*** Block opens ***

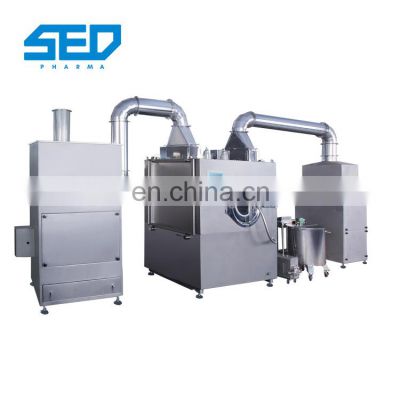 Reliable Quality Low Noise Level High Efficiency Sugar Candy Tablet Film Coating Machine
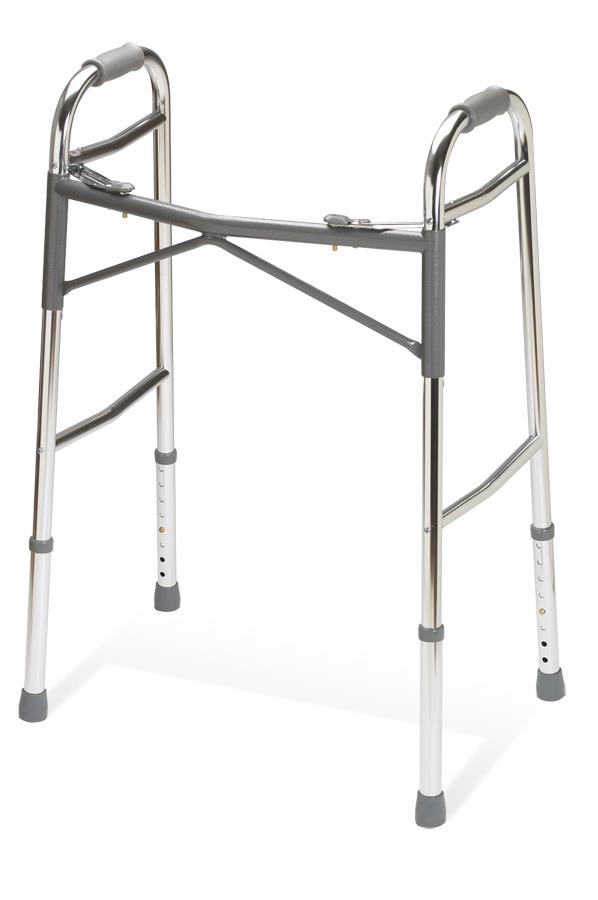 Extra Duty Walker for Seniors & Adults - Heavy Duty Mobility Aid with Adjustable Height & Foldable Design - Ideal for Indoor & Outdoor Use, Recovery & Rehabilitation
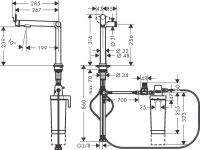 Vorschau: Hansgrohe Aqittura FilterSystem 240 StarterSet chrom 76802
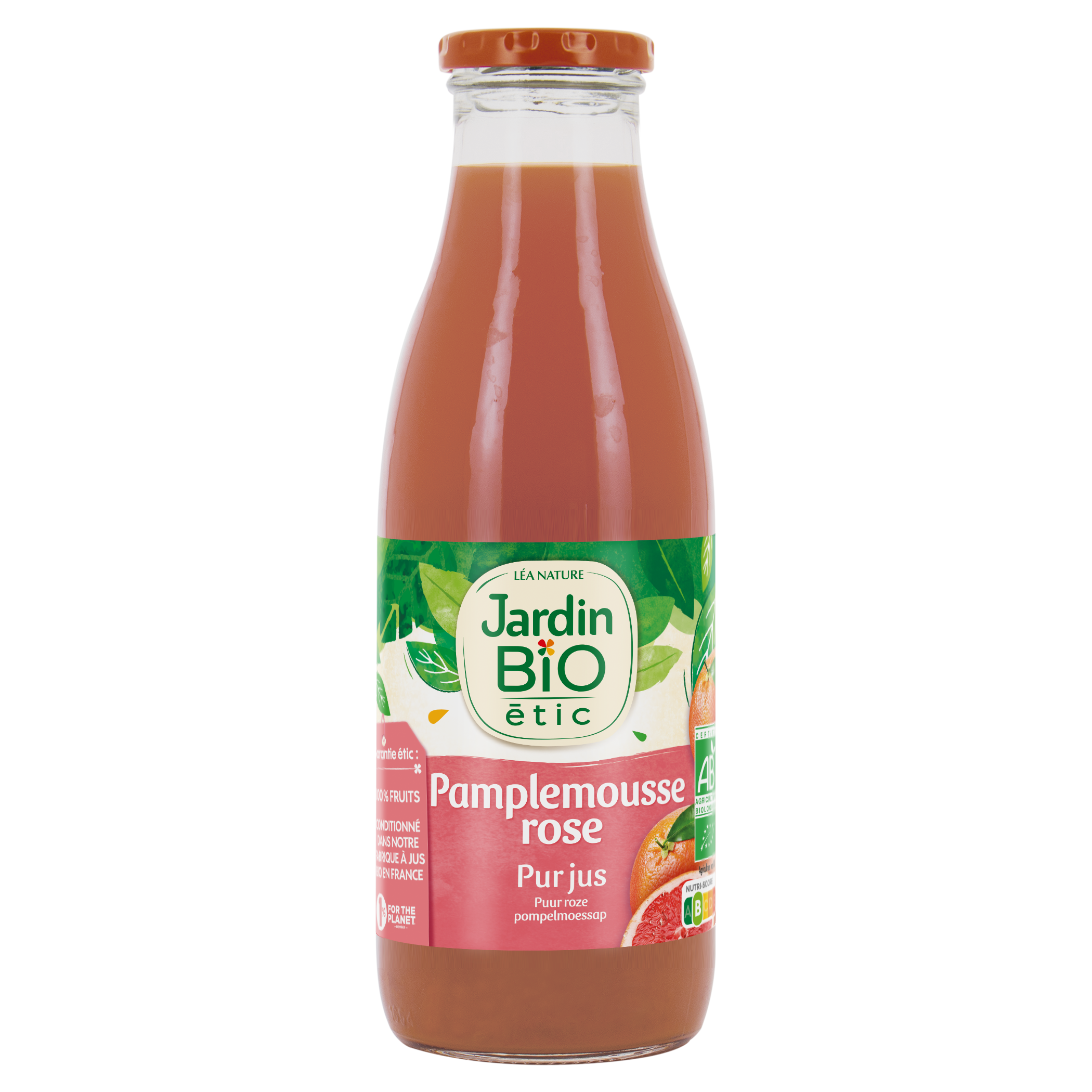 Pur jus pamplemousse rose - bio - JARDIN BIO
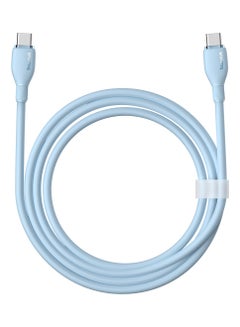 Buy Pudding Series Fast Charging Cable Type-C to Type-C 100W 1.2m Galaxy Blue in Saudi Arabia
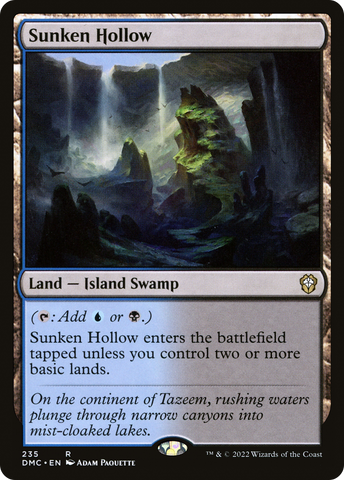 Sunken Hollow [Dominaria United Commander]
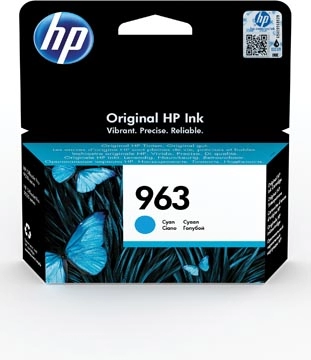 Een HP inktcartridge 963, 700 pagina's, OEM 3JA23AE, cyaan koop je bij best4office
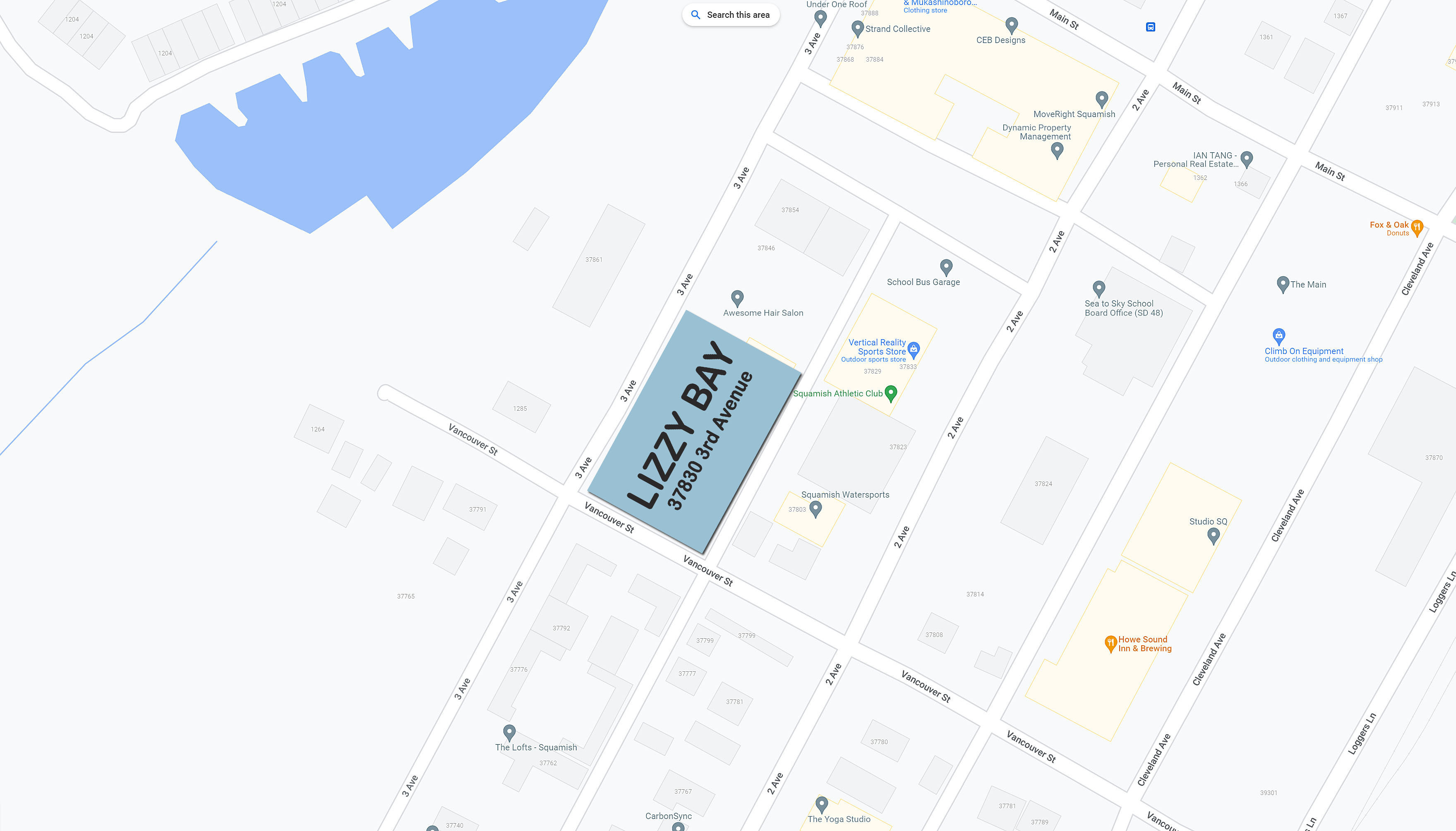 Lizzy Bay Homes location map 1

*** Block closes ***

§ **DESCRIPTION OF THE TASK**
Print the lines from the one holding "Vorschau: Hansgrohe Aqittura" through the last line of the records, word for word, and omit the pictures.

§ **ANSWER SECTION**
 Vorschau: Hansgrohe Aqittura FilterSystem 240 StarterSet chrom 76802
 Pur jus pamplemousse rose - bio - JARDIN BIO
 Buy Pudding Series Fast Charging Cable Type-C to Type-C 100W 1.2m Galaxy Blue in Saudi Arabia
 Sunken Hollow [Dominaria United Commander]
 Een HP inktcartridge 963, 700 pagina's, OEM 3JA23AE, cyaan koop je bij best4office
 Lizzy Bay Homes location map 1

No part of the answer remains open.